While there are certainly external threats (more on them in a bit), it is also true that there are no shortage of examples of insider threats being responsible for data leaks. These threats may either involve a malicious insider, such as a disgruntled employee, or else attackers who have managed to break into a system by abusing the permissions. In both cases, data leaks take place when these actors are able to move data from the inside of an organization to the outside — seemingly entirely legitimately.
#2. Unintentional exposure
Data breaches are growing in number all the time. When you think about who is responsible for this, chances are that you picture some kind of hooded Hollywood hacker tapping away at a keyboard to glean your hard-earned data. The idea that many breaches may be accidental is, well, less likely to be the stuff that cyber espionage movies are made of. However, this is where many data breaches do, in fact, come from.

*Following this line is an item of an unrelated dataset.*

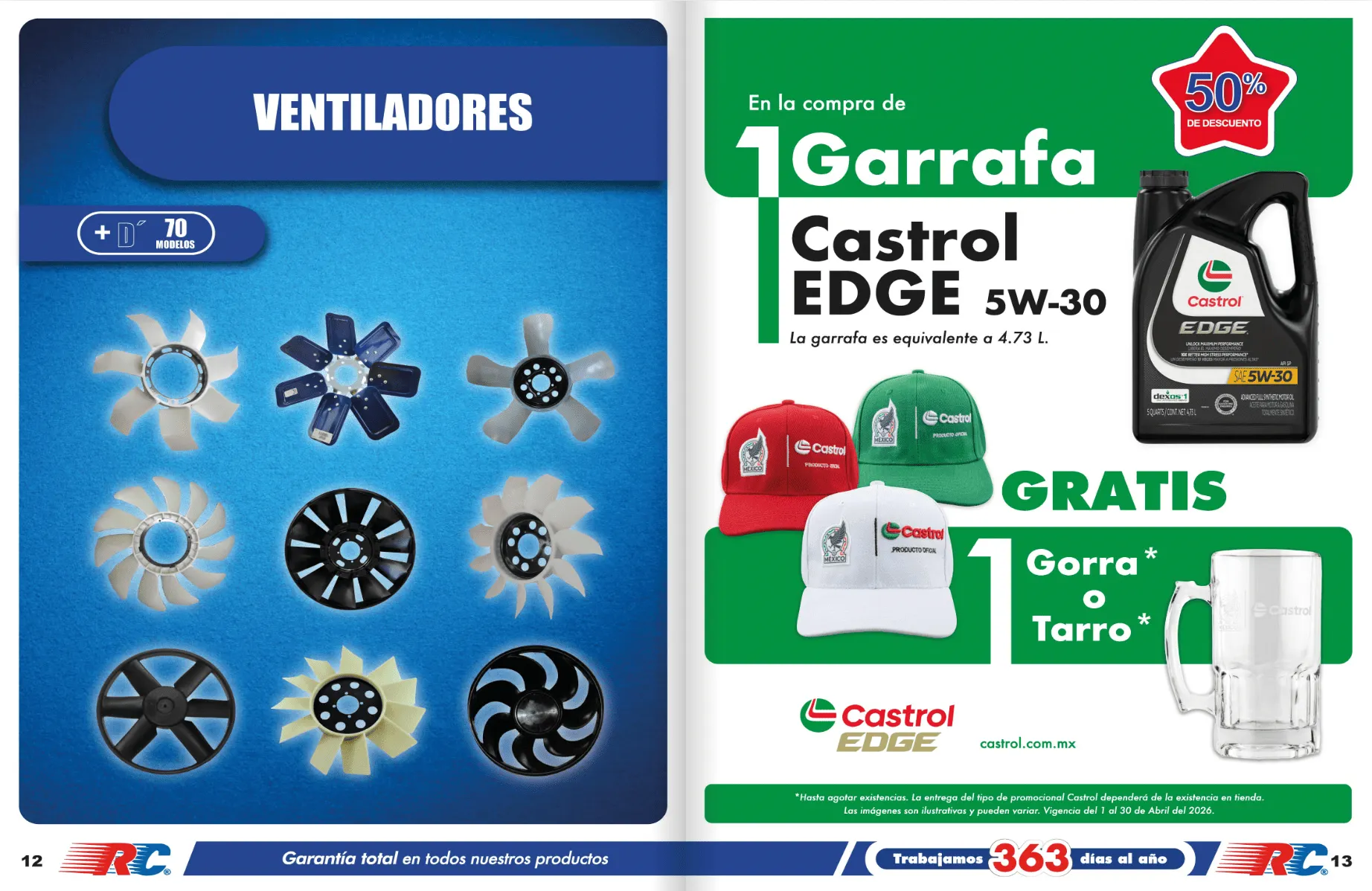 Catálogo de Boletin 2 de abril al 30 de abril 2026 - Pagina 7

In contrast to the malicious insiders mentioned above, unintentional data exposure can come about from lack of attention, lack of proper cyber security education, or plain negligence on the part of those with access. One clear illustration of this could involve operator errors, system administrator errors, or programming errors that leave databases exposed to the outside world. Regardless of how it takes place, the results can be extremely dangerous — and, frustratingly, often come from those individuals who do have your best interests at heart, but who have made temporary lapses in judgment.
#3. Attacker extrusion
Don’t think that the previous two examples negate the prevalence of attackers seeking out sensitive data to extrude. Many examples of data breaches involve specifically targeted cyber attacks designed to access and extrude data. In some cases, this can involve malware or code injection techniques like SQL injection that can be used to steal information from databases.
Another very common attack involves so-called “phishing” attacks of varying complexity. In some instances, these may be simple messages that pretend to be from a bank or online service, requesting that the recipient clicks a link and enters some personal information for an ostensibly innocent task like accessing a message. The more valuable the potential data, the more effort attackers may make with phishing attacks: personalizing them with well-researched information about an organization to make them appear authentic. The results could trick even the most seasoned cyber security professional.
Protecting against data leaks
There is no one-size-fits-all solution when it comes to cracking down on data leaks. However, tools such as Data Loss Prevention (DLP) can — and should — be a backbone of organizations’ defense against this happening.
DLP tools can help safeguard Personally Identifiable Information (PII), achieve data visibility in the event of a threat, secure data when it comes to remote cloud systems, and more. Measures such as file firewalls can help to monitor the access of sensitive files and data, and alert and automatically block any actions which seem to violate those security policies. Increasingly, technology like machine learning can also help to learn what constitutes suspicious behavior on behalf of users as a way to seek out insider threats.
By bringing in cyber security experts to help with these DLP tasks, organizations can make sure that they are properly protected. Doing so is one of the smartest moves any organization — be it a business or otherwise — can make.